** What the task asks **
Only the lines from the one containing "冬华映雪 素色花笺 PET 和纸胶带 模切 5米卷 - 纸胶带 - 纸 多色" to the end of the listing below should be returned, exactly as written and without pictures.

** Recorded information **
━━━
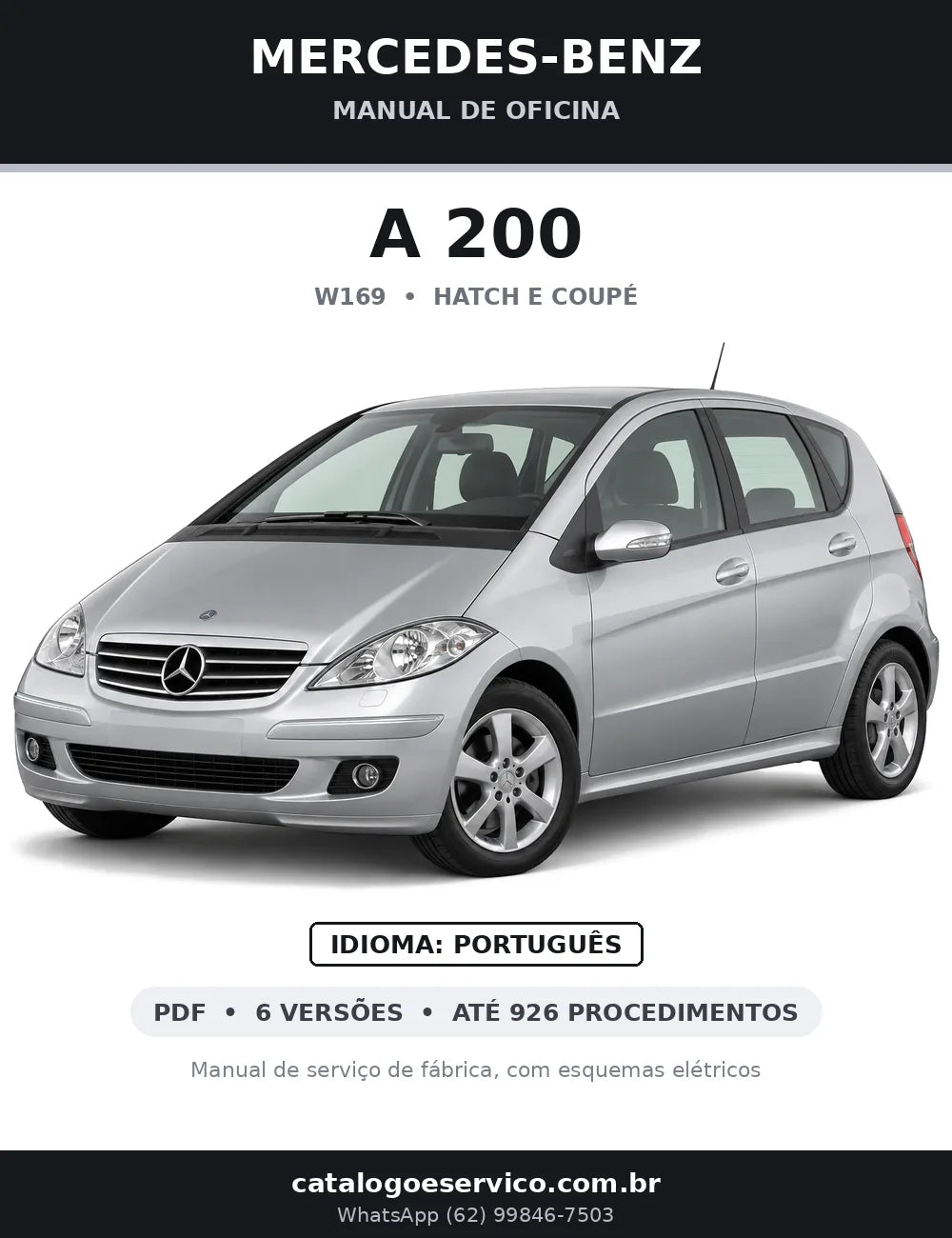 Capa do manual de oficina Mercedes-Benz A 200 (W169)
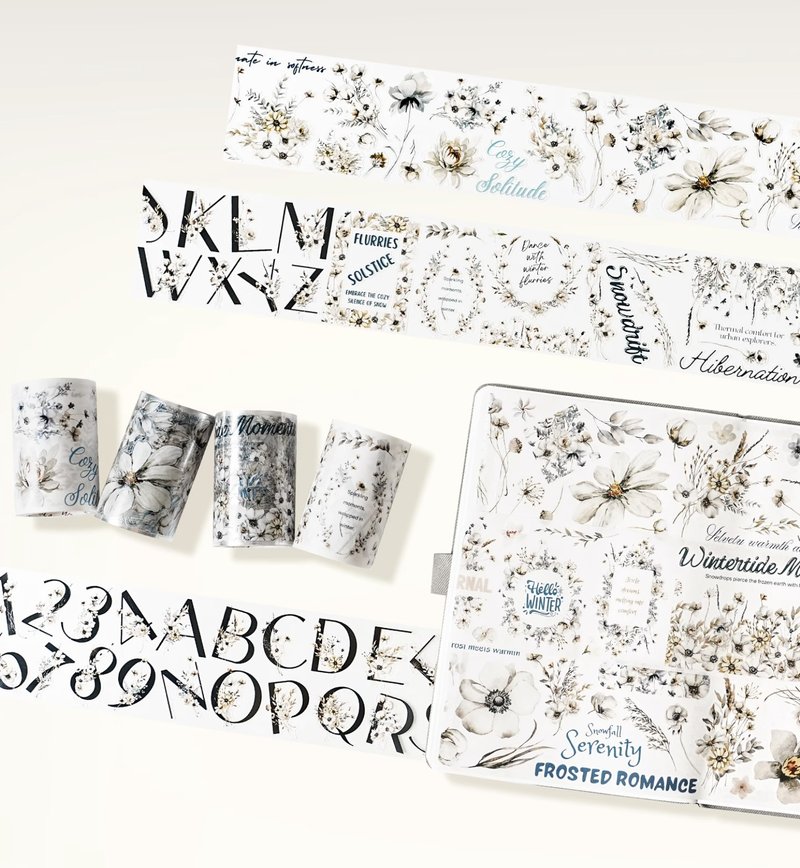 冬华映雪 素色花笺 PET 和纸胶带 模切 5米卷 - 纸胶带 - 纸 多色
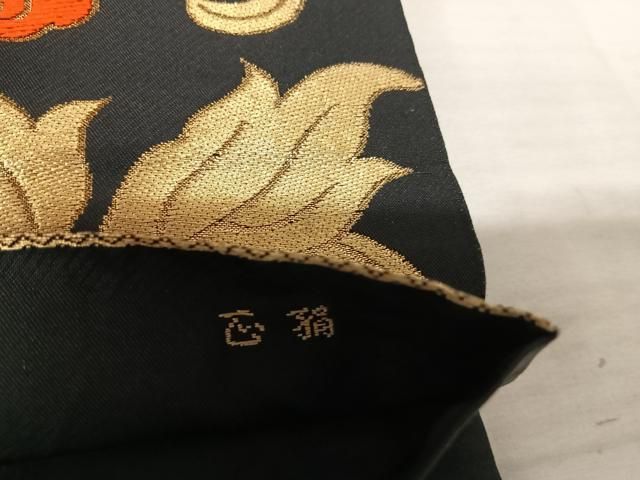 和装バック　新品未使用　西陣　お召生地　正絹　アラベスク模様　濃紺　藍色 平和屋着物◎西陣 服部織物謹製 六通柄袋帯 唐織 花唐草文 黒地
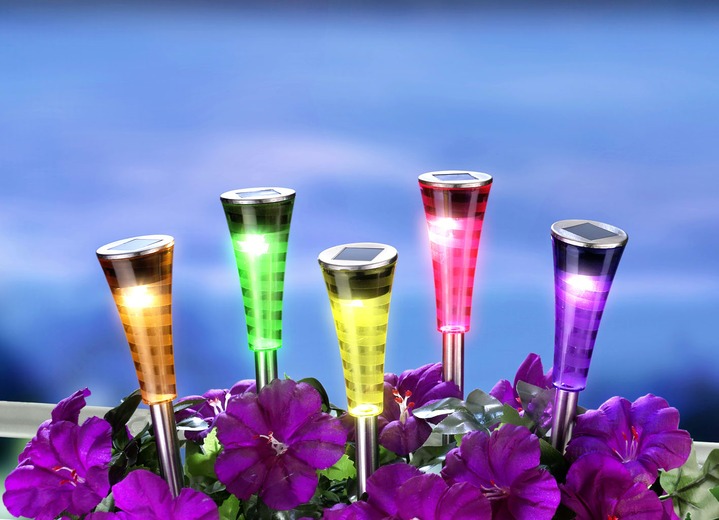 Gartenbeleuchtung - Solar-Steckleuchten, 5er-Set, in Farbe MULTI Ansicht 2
━━━
** Exercise result **
 冬华映雪 素色花笺 PET 和纸胶带 模切 5米卷 - 纸胶带 - 纸 多色
 和装バック　新品未使用　西陣　お召生地　正絹　アラベスク模様　濃紺　藍色 平和屋着物◎西陣 服部織物謹製 六通柄袋帯 唐織 花唐草文 黒地
 Gartenbeleuchtung - Solar-Steckleuchten, 5er-Set, in Farbe MULTI Ansicht 2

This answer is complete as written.